Politics is so hard to explain. That's partly what makes it so interesting. So now as a prime example of this we have a president with high performance ratings and a vice president who is well behind George W. Bush and Elizabeth Dole in early polls on the next presidential race.

The polls are, indeed, early and perhaps, as Al Gore said in his own defense in a TV interview the other night, "meaningless." The vice president says that as soon as the public sees his vision for the country, as the campaign unfolds, these polls will turn around. And he may well be right.

But I think there's something very illogical going on: It seems to me that the vibrant economy that is keeping President Clinton aloft in the polls, despite his scandalous behavior, simply isn't working that well for his vice president. Why, you have to ask, wouldn't voters almost automatically go for a Gore, expressing their gratitude to someone who has been walking side-by-side with the man they credit with keeping money in their pockets?

Well, I'm coming to believe (as I fight my way through this complexity) that while much of the public still supports Mr. Clinton, much of that same public is really very unhappy with the president's conduct and now is looking elsewhere for its next president. "Elsewhere," it appears, means outside this scandal-scarred White House. And that judgment applies to Mr. Gore.

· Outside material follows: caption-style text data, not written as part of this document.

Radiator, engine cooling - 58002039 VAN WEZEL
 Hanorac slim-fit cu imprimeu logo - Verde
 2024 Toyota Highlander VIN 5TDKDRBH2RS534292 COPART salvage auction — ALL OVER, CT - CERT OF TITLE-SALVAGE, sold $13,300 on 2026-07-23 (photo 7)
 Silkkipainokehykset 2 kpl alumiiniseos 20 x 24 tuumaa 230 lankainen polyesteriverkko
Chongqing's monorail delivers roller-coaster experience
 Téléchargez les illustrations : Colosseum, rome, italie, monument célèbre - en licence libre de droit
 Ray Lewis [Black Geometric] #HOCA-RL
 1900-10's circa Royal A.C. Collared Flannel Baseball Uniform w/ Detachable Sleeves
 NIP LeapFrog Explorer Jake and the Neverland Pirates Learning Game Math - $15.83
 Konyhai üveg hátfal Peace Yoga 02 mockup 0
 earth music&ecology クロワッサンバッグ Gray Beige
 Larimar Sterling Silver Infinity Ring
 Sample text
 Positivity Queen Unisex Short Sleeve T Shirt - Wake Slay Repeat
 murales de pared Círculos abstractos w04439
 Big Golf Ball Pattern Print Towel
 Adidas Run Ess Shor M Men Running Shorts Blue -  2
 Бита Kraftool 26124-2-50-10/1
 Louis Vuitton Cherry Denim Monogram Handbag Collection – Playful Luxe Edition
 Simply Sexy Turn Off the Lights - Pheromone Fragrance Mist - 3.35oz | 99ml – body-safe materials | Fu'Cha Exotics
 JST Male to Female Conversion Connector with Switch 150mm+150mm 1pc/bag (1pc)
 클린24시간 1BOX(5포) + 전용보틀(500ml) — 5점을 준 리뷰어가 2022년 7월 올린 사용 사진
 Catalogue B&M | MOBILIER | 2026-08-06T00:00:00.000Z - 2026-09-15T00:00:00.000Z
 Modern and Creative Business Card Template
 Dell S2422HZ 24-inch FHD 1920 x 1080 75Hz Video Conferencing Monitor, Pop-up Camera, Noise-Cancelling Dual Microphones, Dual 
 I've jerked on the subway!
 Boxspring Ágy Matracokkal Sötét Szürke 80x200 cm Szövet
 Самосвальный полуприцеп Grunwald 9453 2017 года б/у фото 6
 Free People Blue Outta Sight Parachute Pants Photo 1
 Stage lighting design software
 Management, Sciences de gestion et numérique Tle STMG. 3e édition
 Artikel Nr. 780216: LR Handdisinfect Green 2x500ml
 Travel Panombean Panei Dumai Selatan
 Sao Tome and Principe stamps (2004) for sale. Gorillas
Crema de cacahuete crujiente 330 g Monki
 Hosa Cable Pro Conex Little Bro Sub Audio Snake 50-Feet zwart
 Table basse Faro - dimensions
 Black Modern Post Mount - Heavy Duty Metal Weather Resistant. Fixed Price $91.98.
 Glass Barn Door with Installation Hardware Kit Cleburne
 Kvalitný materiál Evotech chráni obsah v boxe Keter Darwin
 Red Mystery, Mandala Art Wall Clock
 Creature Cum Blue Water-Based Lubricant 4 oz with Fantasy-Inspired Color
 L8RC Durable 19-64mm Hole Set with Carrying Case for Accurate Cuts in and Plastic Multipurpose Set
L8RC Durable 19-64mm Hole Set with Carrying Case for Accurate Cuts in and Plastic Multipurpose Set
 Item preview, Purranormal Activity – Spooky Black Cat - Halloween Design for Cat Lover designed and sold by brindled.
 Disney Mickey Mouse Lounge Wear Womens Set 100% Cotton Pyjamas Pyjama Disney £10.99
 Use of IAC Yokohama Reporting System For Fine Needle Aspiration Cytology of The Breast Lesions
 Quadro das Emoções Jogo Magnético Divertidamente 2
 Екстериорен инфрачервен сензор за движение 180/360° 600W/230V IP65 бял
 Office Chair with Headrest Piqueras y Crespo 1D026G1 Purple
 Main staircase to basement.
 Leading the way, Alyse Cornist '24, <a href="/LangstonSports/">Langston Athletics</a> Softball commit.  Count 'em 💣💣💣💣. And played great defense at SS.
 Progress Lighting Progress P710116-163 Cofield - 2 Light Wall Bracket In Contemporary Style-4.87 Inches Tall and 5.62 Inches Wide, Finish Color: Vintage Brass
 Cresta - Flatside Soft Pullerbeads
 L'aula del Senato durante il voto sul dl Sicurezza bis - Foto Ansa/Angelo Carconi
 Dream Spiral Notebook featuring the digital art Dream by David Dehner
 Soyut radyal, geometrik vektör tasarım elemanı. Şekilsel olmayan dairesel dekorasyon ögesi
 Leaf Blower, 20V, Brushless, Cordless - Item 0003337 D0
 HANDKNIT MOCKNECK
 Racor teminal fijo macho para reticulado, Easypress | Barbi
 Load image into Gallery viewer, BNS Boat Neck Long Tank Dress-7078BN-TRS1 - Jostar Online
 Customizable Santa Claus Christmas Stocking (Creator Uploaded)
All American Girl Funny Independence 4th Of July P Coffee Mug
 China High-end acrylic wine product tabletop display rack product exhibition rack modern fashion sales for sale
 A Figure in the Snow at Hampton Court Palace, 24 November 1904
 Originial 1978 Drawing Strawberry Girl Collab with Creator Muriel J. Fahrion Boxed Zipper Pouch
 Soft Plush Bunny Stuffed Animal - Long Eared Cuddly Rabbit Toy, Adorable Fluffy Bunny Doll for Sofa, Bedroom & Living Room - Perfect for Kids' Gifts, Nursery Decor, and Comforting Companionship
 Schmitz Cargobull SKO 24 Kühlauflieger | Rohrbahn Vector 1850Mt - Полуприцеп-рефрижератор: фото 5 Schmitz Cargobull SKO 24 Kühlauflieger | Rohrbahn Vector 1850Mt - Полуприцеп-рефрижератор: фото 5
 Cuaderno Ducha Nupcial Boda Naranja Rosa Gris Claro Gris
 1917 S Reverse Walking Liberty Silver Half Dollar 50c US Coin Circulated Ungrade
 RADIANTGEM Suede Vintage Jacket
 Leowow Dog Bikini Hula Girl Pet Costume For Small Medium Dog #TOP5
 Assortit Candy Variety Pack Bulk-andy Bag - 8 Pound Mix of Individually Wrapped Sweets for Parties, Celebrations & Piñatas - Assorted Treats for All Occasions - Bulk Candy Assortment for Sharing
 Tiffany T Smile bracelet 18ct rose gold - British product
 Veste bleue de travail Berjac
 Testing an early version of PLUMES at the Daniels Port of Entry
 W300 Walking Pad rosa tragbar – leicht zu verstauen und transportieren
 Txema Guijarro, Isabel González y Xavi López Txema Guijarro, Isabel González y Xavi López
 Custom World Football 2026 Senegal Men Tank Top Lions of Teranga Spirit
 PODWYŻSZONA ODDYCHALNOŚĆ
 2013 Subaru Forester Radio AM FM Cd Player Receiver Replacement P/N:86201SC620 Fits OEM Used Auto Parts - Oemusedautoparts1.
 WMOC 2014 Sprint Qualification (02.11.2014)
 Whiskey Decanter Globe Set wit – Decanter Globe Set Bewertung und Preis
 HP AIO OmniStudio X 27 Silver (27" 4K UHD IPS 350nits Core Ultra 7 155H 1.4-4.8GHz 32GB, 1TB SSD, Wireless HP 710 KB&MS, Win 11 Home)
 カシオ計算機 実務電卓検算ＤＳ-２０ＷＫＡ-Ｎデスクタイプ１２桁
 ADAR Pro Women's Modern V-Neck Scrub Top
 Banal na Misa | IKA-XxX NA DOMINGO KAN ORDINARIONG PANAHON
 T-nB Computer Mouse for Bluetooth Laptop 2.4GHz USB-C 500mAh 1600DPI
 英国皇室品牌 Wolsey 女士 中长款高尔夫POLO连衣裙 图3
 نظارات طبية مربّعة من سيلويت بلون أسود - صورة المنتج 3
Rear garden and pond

This brings me to the conclusion that a vice president who has been widely viewed as particularly close to the president - the public well remembers Gore's speech in which he predicted that Clinton would be rated one of our "greatest presidents" - will have to make a special effort to separate himself from Clinton.

I noted that in the TV interview Gore seemed to sense this problem. He strongly asserted that he had never been under Clinton's shadow, that as vice president he had walked his own way as a backer of the environment and in bringing creative ideas to improving the way government works.

And Gore didn't shy away from criticizing Clinton's conduct, calling his relationship with Monica Lewinsky "indefensible" and adding that "what he did was wrong." Indeed, he used those same words in a speech in New Hampshire last September.

Perhaps as the vice president repeats this criticism of Clinton and, at the same time, makes it clear during the upcoming campaign that he is, indeed, his "own man," he will be able to win back those voters who are looking elsewhere - those who "suffered" Clinton's excesses but now want a breath of fresh air in the White House.

But I'm reminded of what might be called the "Hubert Humphrey problem."

Back in 1968 it was clear that Vice President Humphrey would have to separate himself on the Vietnam War from the hawkish President Johnson.

I was on the press plane with Humphrey during the last few weeks of his presidential campaign. Polls showed he was more than 10 percentage points behind Nixon, who had announced that he had a plan to end the war - although, as we know, he was later very slow in moving in that direction.

At this point Humphrey finally broke with Johnson on the war. It enraged Johnson.

But Humphrey almost overnight became a new man, a different candidate. The old Humphrey bounce now was there. Audiences again clung to his words. We reporters could feel the lift in the Humphrey campaign.

And Humphrey, now on his own, began to move up in the polls, coming within an eyelash of catching Nixon. In another week I think he would have done it.

Will Gore finally have to "break" with the president - having to go beyond his present criticism of Clinton and condemn him for lowering the nation's moral standards, for setting such a terrible example for our youth?

Will he, too, find it necessary to claim that he would bring a breath of fresh air to the presidency?

Indeed, will he have to risk infuriating Clinton in order to turn those polls around?